Learn R Programming

R453Plus1Toolbox (version 1.22.0)

complexity.entropy: Sequence Complexity Using The Shannon-Wiener Algorithm

Description

This function evaluates the sequence complexity using the Shannon-Wiener Algorithm.

Usage

complexity.entropy(object, xlab="Complexity score (0=low, 100=high)", ylab="Number of sequences", xlim=c(0, 100), col="firebrick1", breaks=100, ...)

Arguments

object
An object of class DNAStringSet, ShortRead or SFFContainer.
xlab
The X axis label.
ylab
The Y axis label.
xlim
The limits of the X axis.
col
The plotting color.
breaks
The number of breaks in the histogram (see ‘hist’).
...
Arguments to be passed to methods, such as graphical parameters (see ‘par’).

Value

A numeric vector containing the complexity score for each sequence.

Details

The entropy approach evaluates the entropy of trinucleotides in a sequence.
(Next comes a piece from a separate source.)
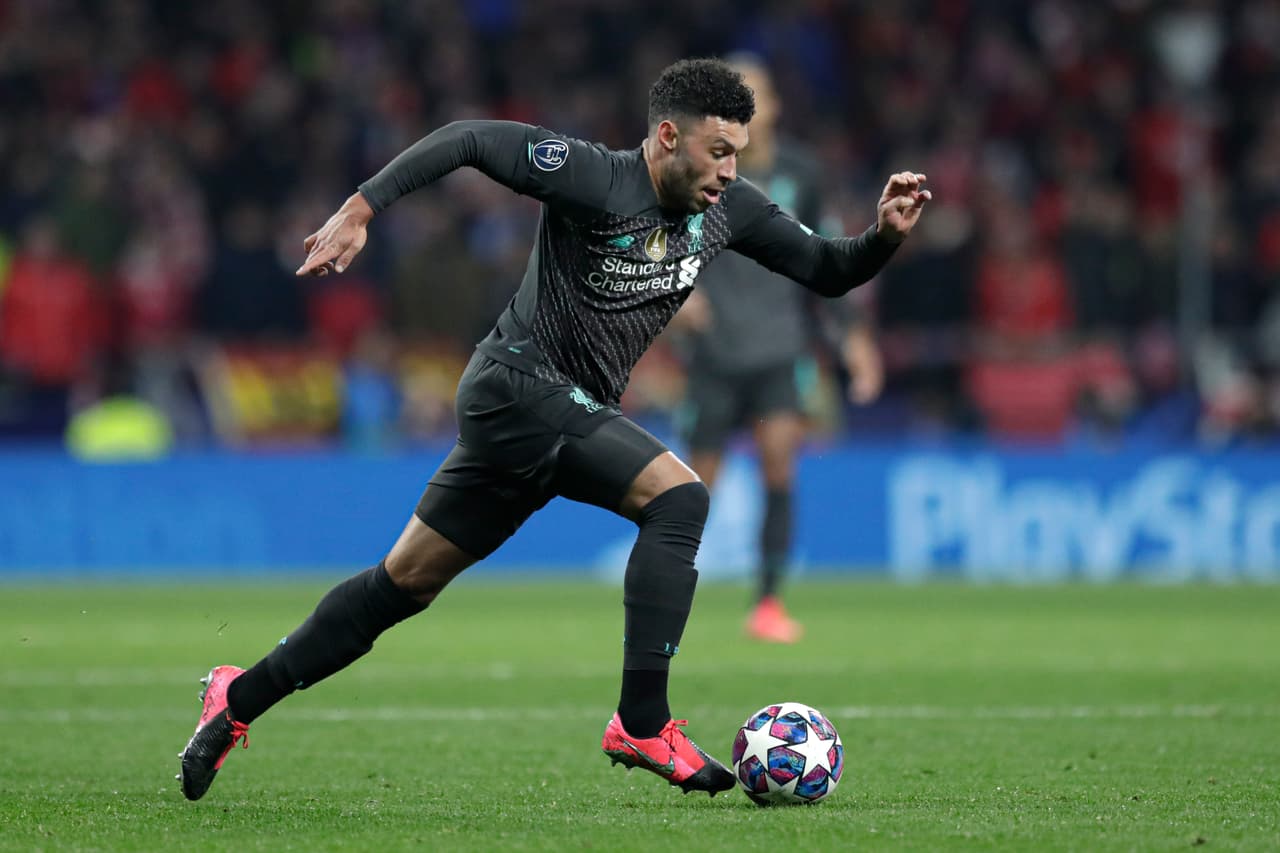 <b>Alexander Mark David Oxlade-Chamberlain</b>
<br>Futbolista jamaiquino, tal vez no es tan desconocido, pues milita para el Liverpool. Sólo ha pertenecido al Arsenal y, posteriormente, fichó para su actual equipo, los Reds.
The entropy values are scaled from 0 to 100 and lower entropy values imply lower complexity. A sequence of homopolymer repeats (e.g. TTTTTTTTTT) has an entropy value of 0, of dinucleotide repeats (e.g. TATATATATA) has an entropy value around 16, and of trinucleotide repeats (e.g. TAGTAGTAG) has an entropy value around 26. Scores below 70 can be considered low-complexity.

References

Schmieder R. (2011) Quality control and preprocessing of metagenomic datasets. Bioinformatics, 2011 Mar 15;27(6):863-4.